L’offensive tout azimut de Sarkozy semble échouer. En même temps, on ne voit pas comment des annonces désordonnées pourraient convaincre de réélire le président sortant. Mais si Hollande semble bien parti pour l’emporter, il ne représente en aucun cas l’alternative dont la France a besoin.
Le coup de poker de la tranche à 75%
Le candidat du Parti Socialiste semble avoir trouvé une mesure habile pour occuper le terrain médiatique et mettre son adversaire en difficulté. Pour le coup, l’élève Hollande dépasse le maître Sarkozy. Cette idée est extraordinairement maline. Elle a poussé le président sortant (et probablement bientôt sorti) à défendre les millionnaires contre les mesures de son adversaire. Rien de tel pour réactiver l’image du président des riches à laquelle il essayait d’échapper.

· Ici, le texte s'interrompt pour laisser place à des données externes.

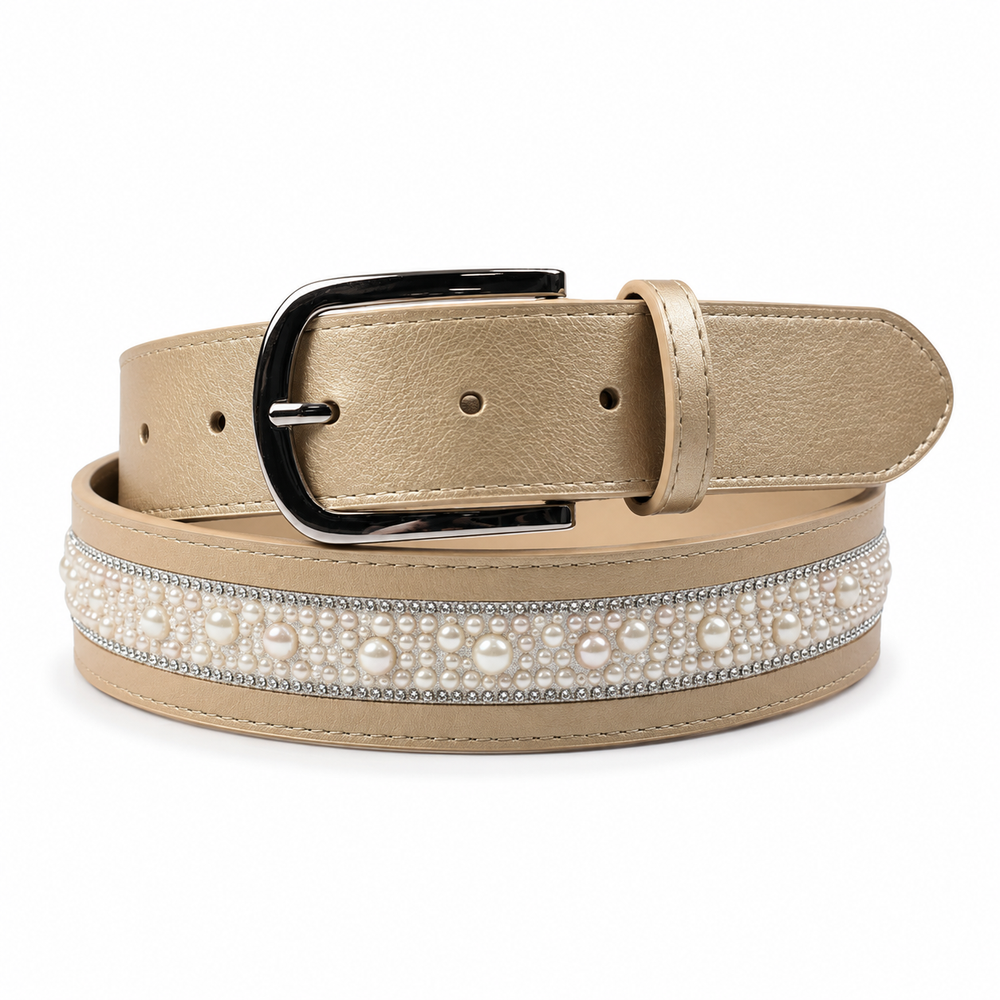 Elegant Equestrian Belt - Gold Wide Pearl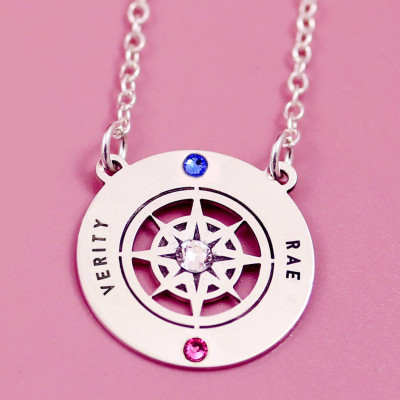 Two Sisters Necklace - Soul Sisters Jewelry - Compass Charm - Two Sisters Jewelry - Let Love grow - I Miss You - Ill Love you Forever -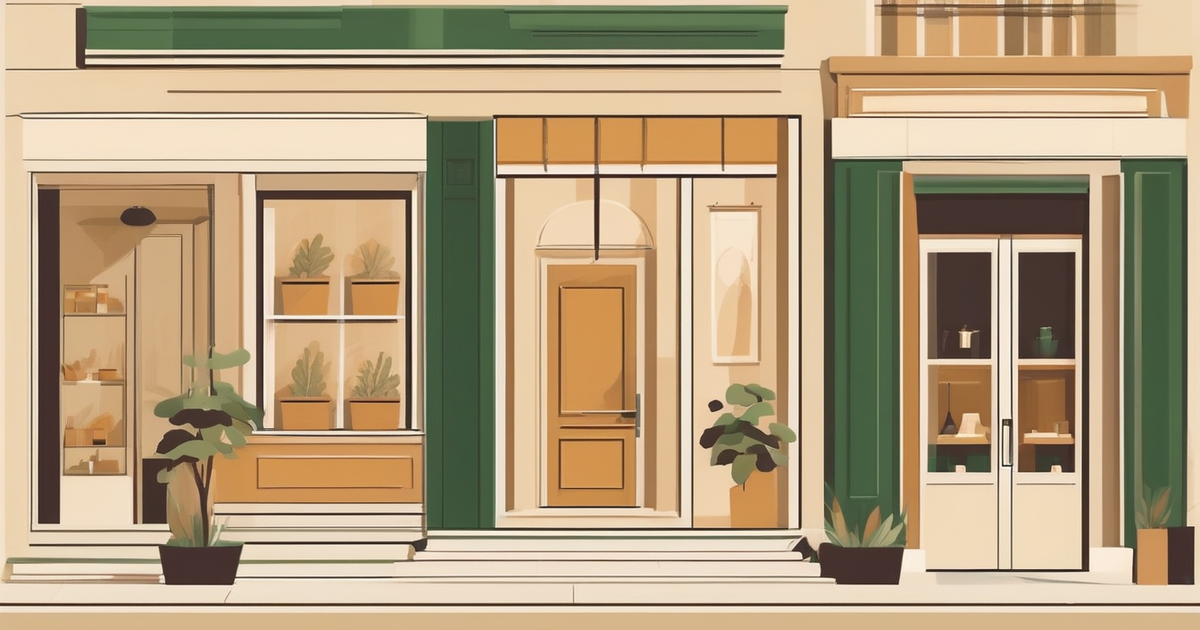 a small storefront and a handshake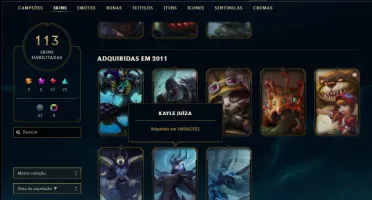 Conta unranked com neo pax sivir, rammus rei e kayle juiza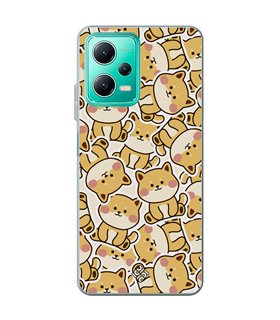 Funda para [ Xiaomi Redmi Note 12 5G ] Dibujo Cute [ Pegatinas Perrito Shiba ] de Silicona Flexible para Smartphone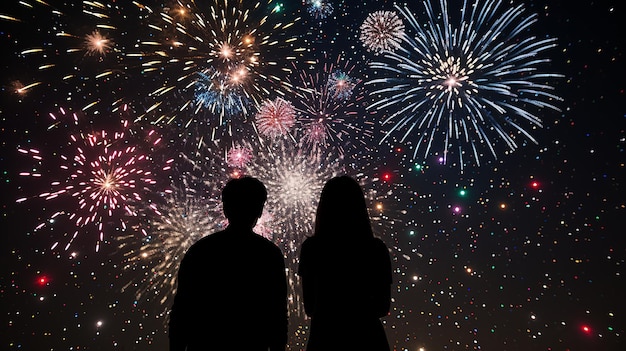 una pareja mirando fuegos artificiales con fuegos artificials detrás de ellos.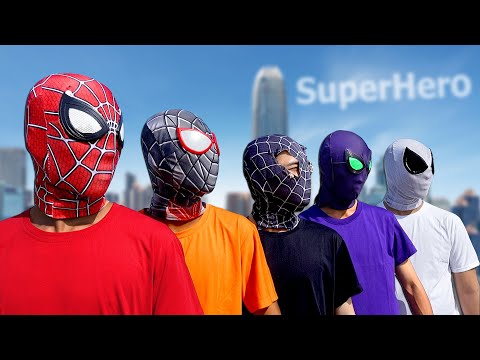 PRO 5 SUPERHERO TEAM Hey Spider Man Go To Trainning Nerf Gun Funny Action Real Life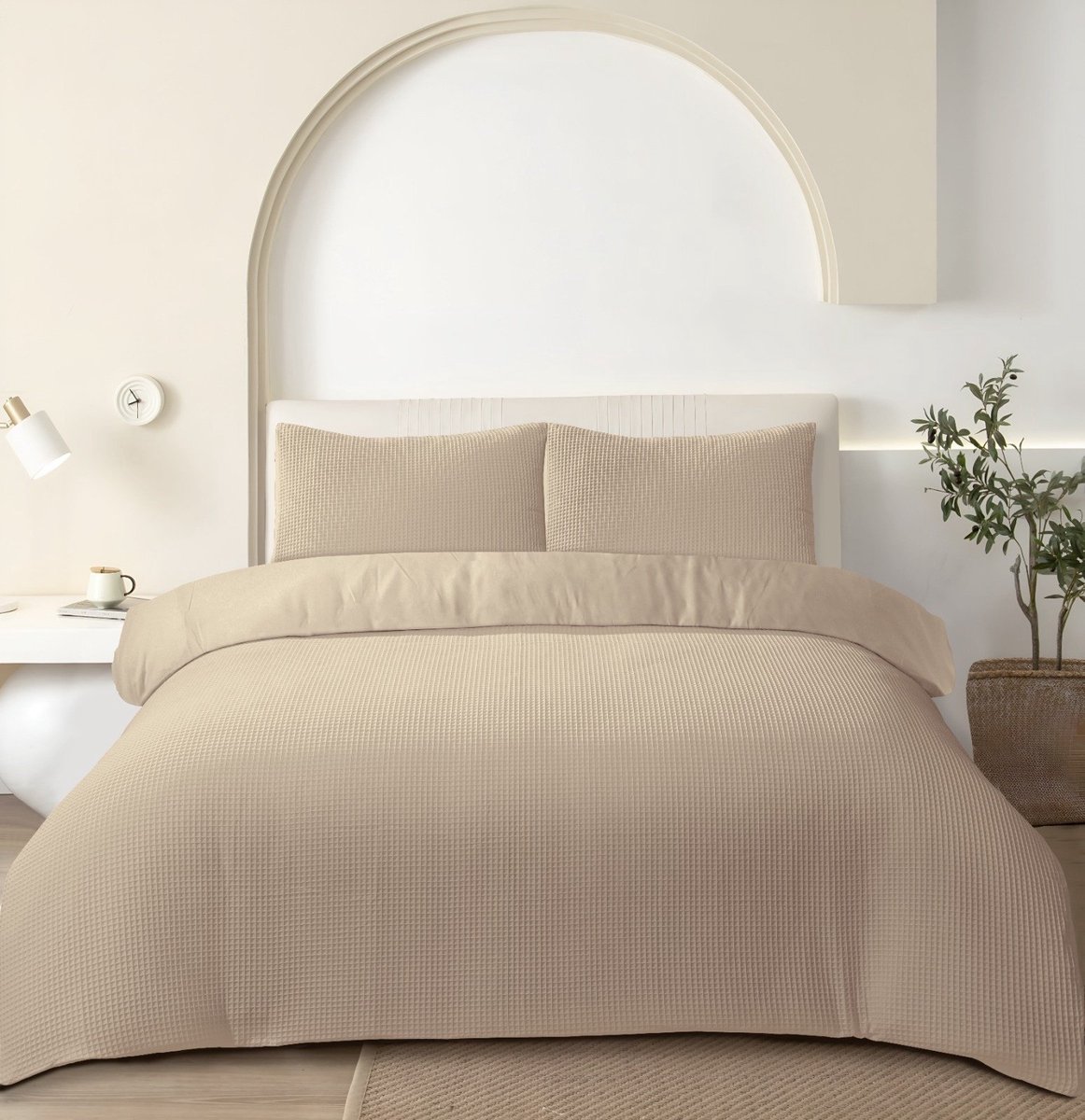 Beau Maison Wafel Dekbedovertrek Taupe 240x200/220 cm + 2 kussenslopen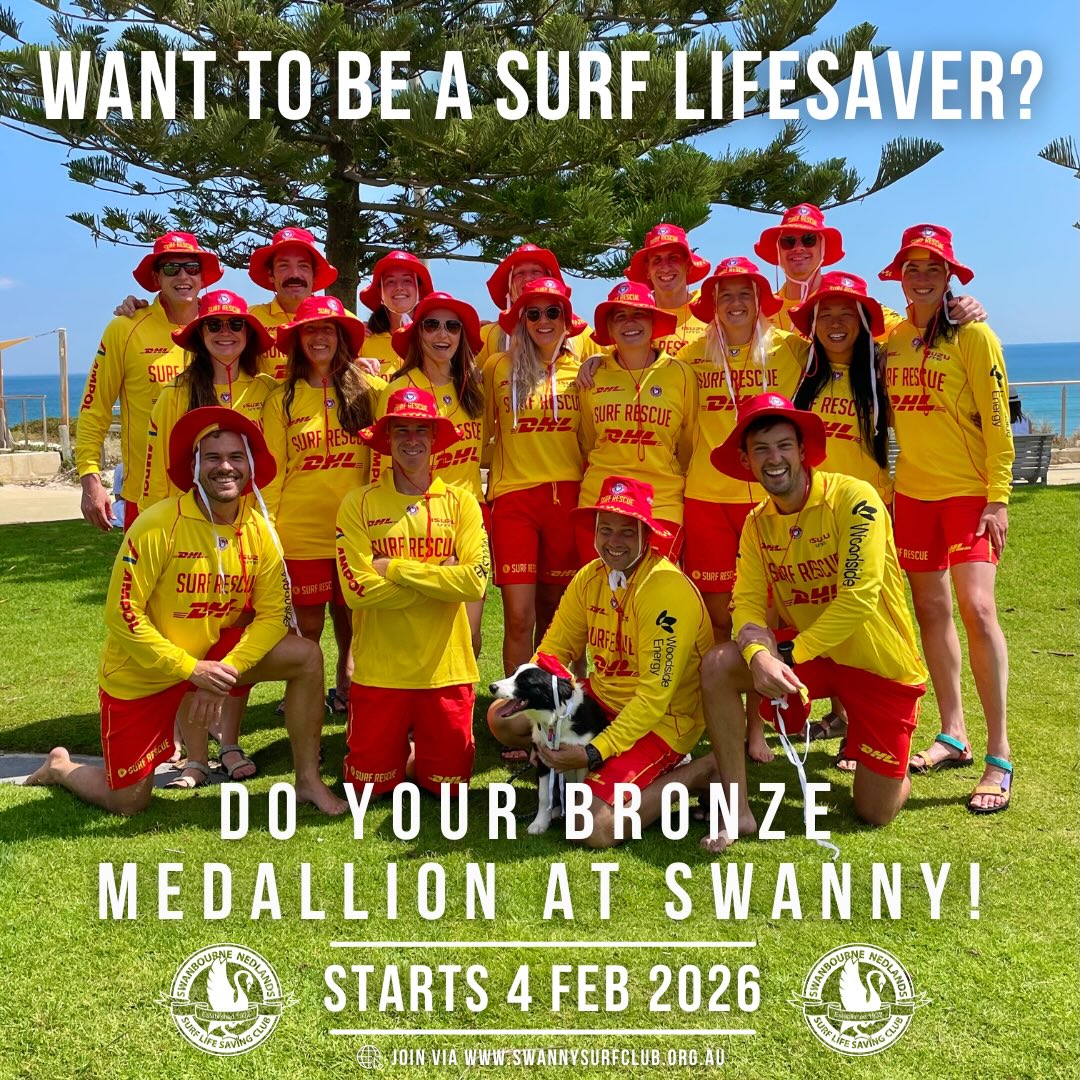 Swanny Bronze starts 4 February 2025 🙌
If you’ve ever thought about becoming a life saver, this is what you’ve been looking for. Tag or share with a friend who you think would make a great lifesaver. Start off the new year with a great way to get or stay fit, make new friends and develop lifesaving skills that help keep your local community safe.
Registrations are now open for our Bronze Medallion course. Check out the Bronze Medallion link in our bio for more information and how to join ⛱️
#swanny #bronze #snslsc #sIswa #swimbetweentheflags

Sur le fond, le PS a beau jeu de rappeler que les niveaux marginaux d’imposition atteignaient 60 à 70% dans les années 1970 avant la vague néolibérale. Comment ne pas songer aussi à cette belle phrase de Tocqueville : « préoccupés du seul soin de faire fortune, les hommes n’aperçoivent plus le lien étroit qui unit la fortune particulière de chacun d’eux à la prospérité de tous ». Et qui va pleurer sur une hausse de l’imposition pour les revenus au-delà d’un million ?
Résultat, alors que Nicolas Sarkozy essaie de faire le forcing avant l’égalité des temps de parole (dans moins de trois semaines), son adversaire socialiste le met en échec par une initiative surprise que personne n’avait anticipée et qui rebat les cartes. Bien sûr, on ne peut pas ignorer la dimension communicante de cette annonce. Mais le coup est assez bien joué et le maintien d’une avance de plus de dix points au second tour indique qu’un retournement est peu probable.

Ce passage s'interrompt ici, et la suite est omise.